## WORK ORDER
Give back each line of the data exactly as it reads, minus the pictures.
....
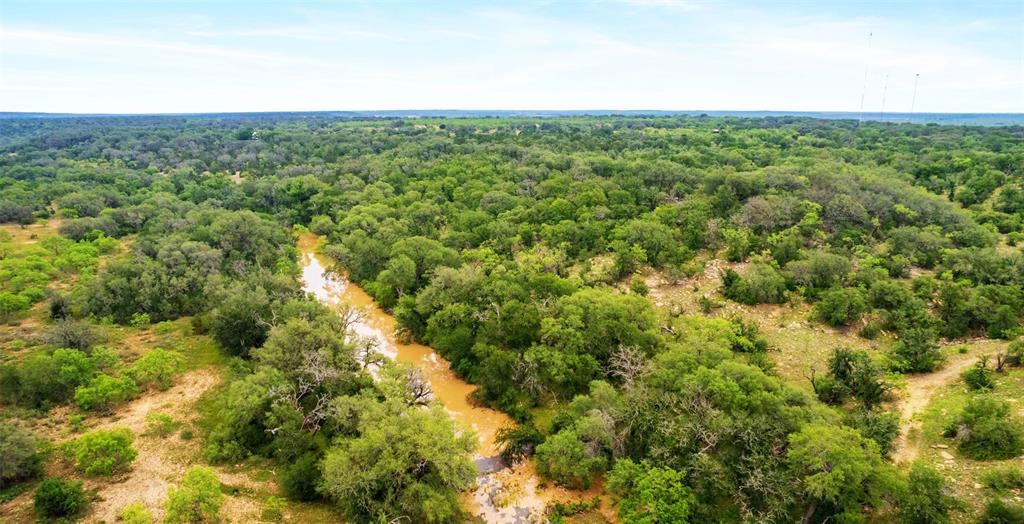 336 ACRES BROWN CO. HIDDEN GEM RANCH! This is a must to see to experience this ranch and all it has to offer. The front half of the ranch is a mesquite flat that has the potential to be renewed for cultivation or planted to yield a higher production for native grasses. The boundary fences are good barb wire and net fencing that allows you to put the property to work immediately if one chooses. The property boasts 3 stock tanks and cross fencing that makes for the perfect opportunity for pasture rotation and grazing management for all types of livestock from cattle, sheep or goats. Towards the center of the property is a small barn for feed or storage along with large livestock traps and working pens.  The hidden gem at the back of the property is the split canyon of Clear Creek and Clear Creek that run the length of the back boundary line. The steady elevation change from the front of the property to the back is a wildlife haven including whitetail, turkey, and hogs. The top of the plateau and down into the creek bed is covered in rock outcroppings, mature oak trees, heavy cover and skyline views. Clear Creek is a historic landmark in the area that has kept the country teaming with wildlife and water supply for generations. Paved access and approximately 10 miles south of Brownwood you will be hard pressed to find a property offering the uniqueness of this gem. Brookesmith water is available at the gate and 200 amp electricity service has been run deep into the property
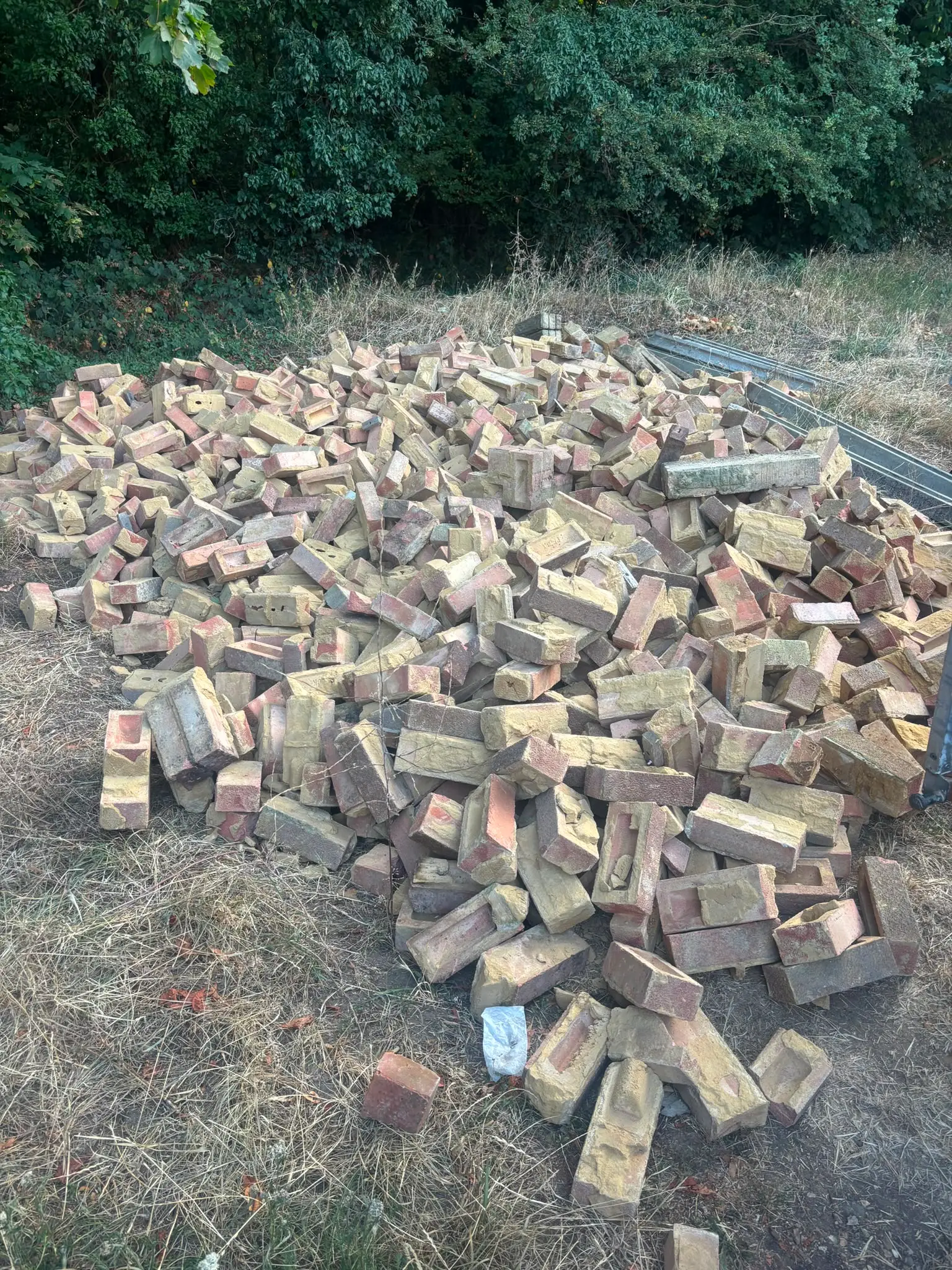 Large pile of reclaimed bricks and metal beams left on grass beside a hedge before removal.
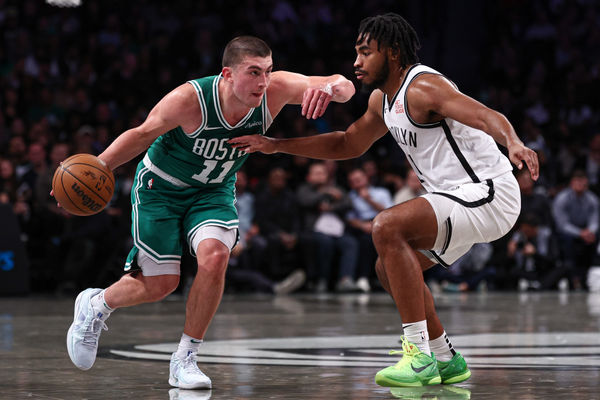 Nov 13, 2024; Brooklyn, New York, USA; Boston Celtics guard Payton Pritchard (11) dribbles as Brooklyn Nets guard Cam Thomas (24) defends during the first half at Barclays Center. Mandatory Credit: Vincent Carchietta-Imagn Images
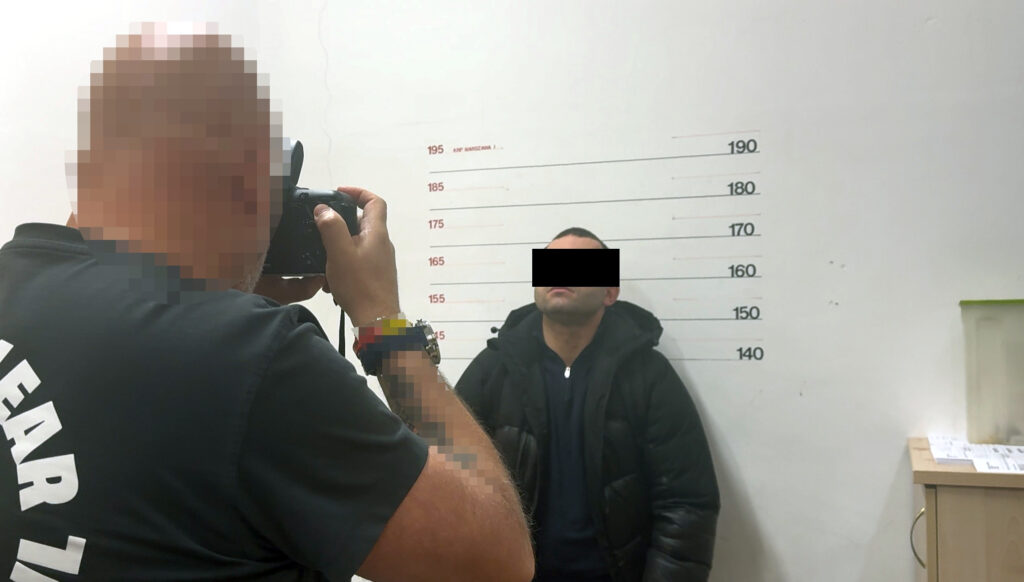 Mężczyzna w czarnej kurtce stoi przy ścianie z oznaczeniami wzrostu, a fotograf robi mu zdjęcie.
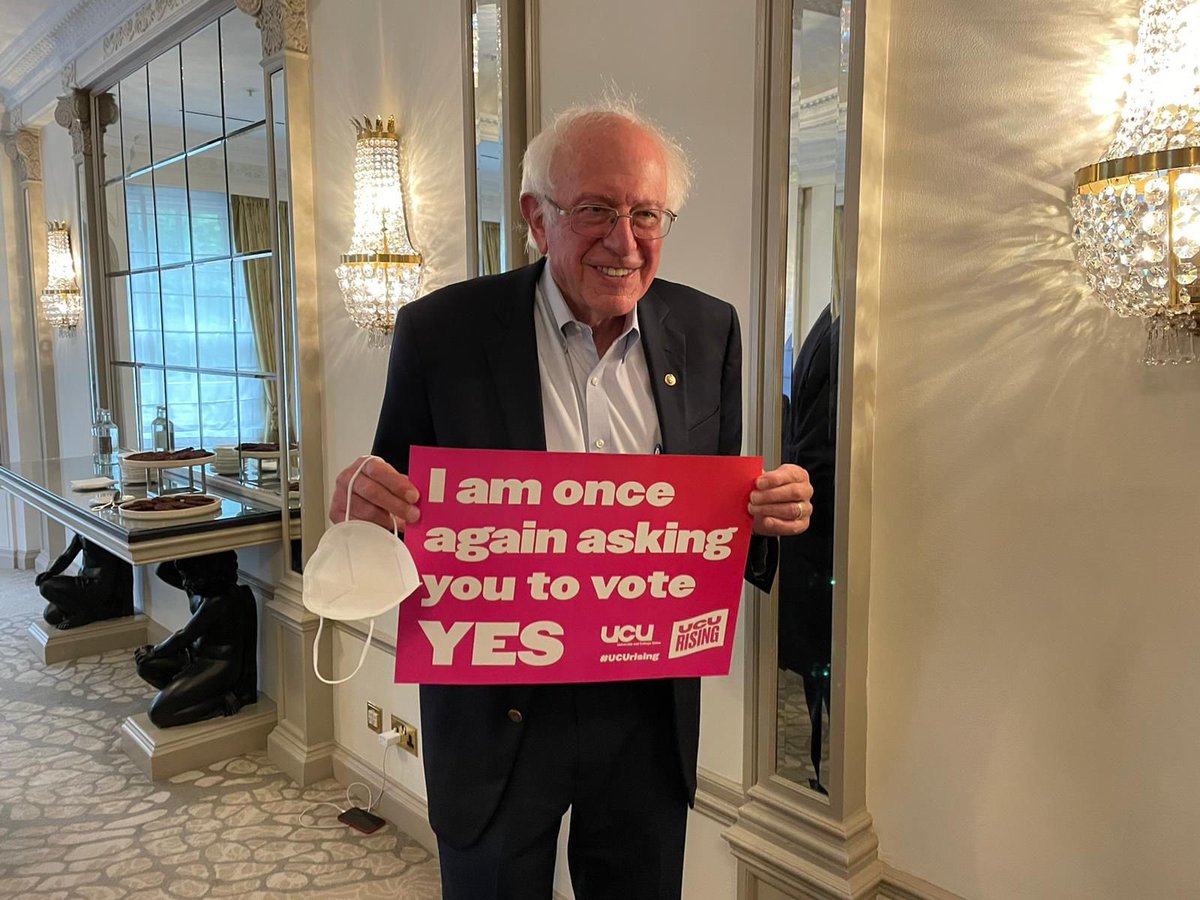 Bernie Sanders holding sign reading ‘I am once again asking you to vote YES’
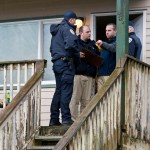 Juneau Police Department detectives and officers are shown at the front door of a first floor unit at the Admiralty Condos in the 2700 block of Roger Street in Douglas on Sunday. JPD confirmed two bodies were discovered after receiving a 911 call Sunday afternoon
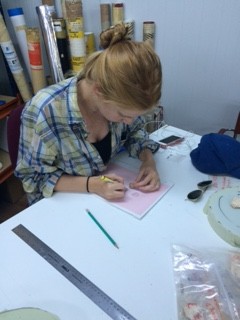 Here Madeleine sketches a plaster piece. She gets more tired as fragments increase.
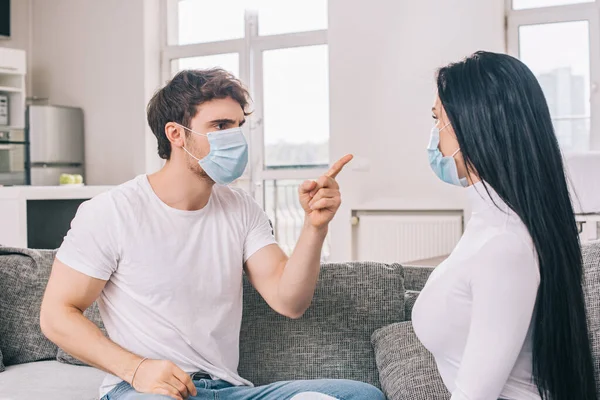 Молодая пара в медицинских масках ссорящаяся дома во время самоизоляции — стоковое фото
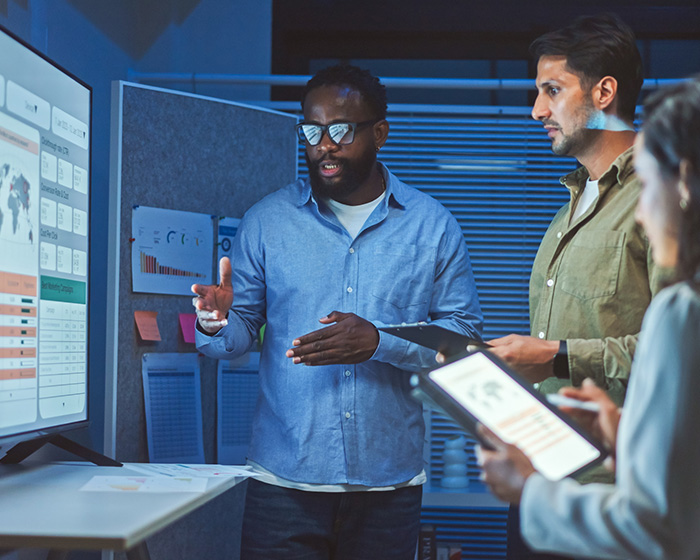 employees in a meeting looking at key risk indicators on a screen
....
## ANSWER SECTION
 336 ACRES BROWN CO. HIDDEN GEM RANCH! This is a must to see to experience this ranch and all it has to offer. The front half of the ranch is a mesquite flat that has the potential to be renewed for cultivation or planted to yield a higher production for native grasses. The boundary fences are good barb wire and net fencing that allows you to put the property to work immediately if one chooses. The property boasts 3 stock tanks and cross fencing that makes for the perfect opportunity for pasture rotation and grazing management for all types of livestock from cattle, sheep or goats. Towards the center of the property is a small barn for feed or storage along with large livestock traps and working pens.  The hidden gem at the back of the property is the split canyon of Clear Creek and Clear Creek that run the length of the back boundary line. The steady elevation change from the front of the property to the back is a wildlife haven including whitetail, turkey, and hogs. The top of the plateau and down into the creek bed is covered in rock outcroppings, mature oak trees, heavy cover and skyline views. Clear Creek is a historic landmark in the area that has kept the country teaming with wildlife and water supply for generations. Paved access and approximately 10 miles south of Brownwood you will be hard pressed to find a property offering the uniqueness of this gem. Brookesmith water is available at the gate and 200 amp electricity service has been run deep into the property
 Large pile of reclaimed bricks and metal beams left on grass beside a hedge before removal.
 Nov 13, 2024; Brooklyn, New York, USA; Boston Celtics guard Payton Pritchard (11) dribbles as Brooklyn Nets guard Cam Thomas (24) defends during the first half at Barclays Center. Mandatory Credit: Vincent Carchietta-Imagn Images
 Mężczyzna w czarnej kurtce stoi przy ścianie z oznaczeniami wzrostu, a fotograf robi mu zdjęcie.
 Bernie Sanders holding sign reading ‘I am once again asking you to vote YES’
 Juneau Police Department detectives and officers are shown at the front door of a first floor unit at the Admiralty Condos in the 2700 block of Roger Street in Douglas on Sunday. JPD confirmed two bodies were discovered after receiving a 911 call Sunday afternoon
 Here Madeleine sketches a plaster piece. She gets more tired as fragments increase.
 Молодая пара в медицинских масках ссорящаяся дома во время самоизоляции — стоковое фото
 employees in a meeting looking at key risk indicators on a screen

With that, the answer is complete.